(Captioned web images)
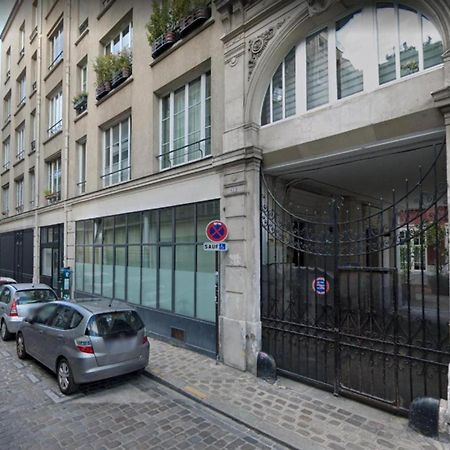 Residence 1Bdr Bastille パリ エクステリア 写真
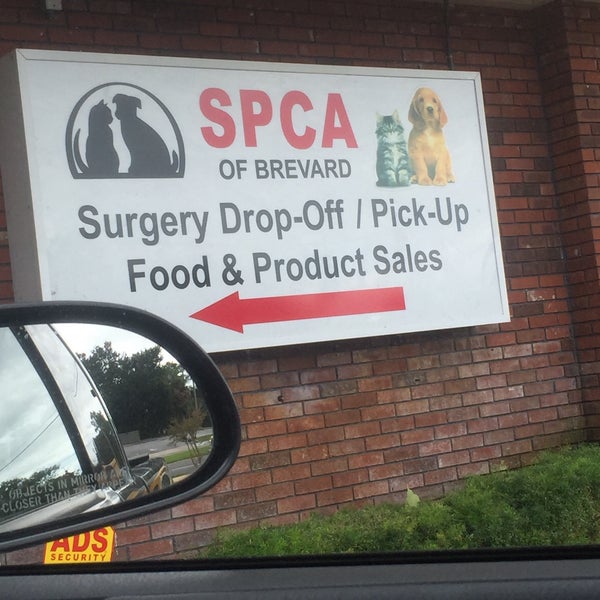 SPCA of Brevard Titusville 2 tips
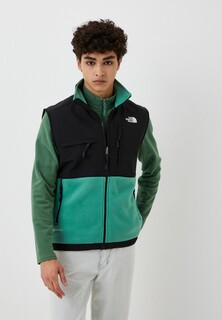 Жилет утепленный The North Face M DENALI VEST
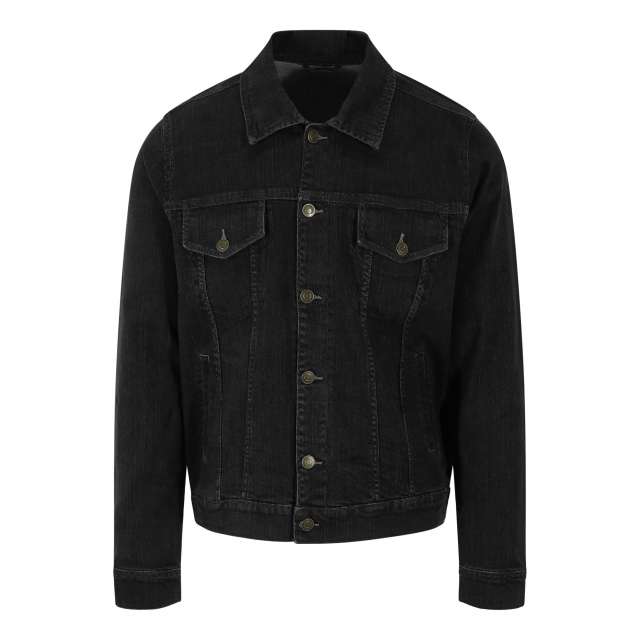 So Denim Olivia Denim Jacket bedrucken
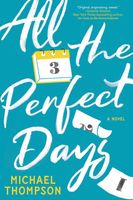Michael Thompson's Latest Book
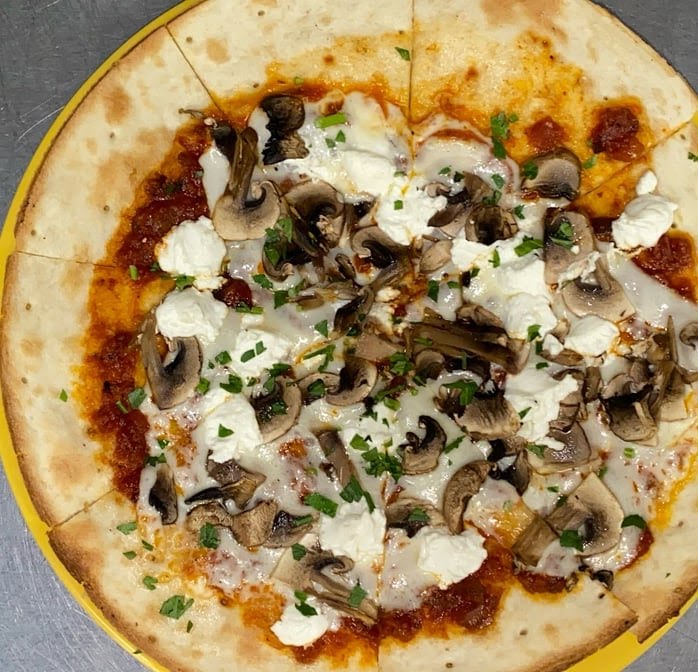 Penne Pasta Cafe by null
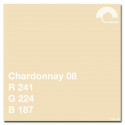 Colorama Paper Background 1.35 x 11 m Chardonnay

§ **EXERCISE**
Write out the lines beginning at the line with "Michael Thompson's Latest Book" and ending at the last line of the entries. Include no pictures.

§ **EXPECTED OUTPUT**
Michael Thompson's Latest Book
 Penne Pasta Cafe by null
 Colorama Paper Background 1.35 x 11 m Chardonnay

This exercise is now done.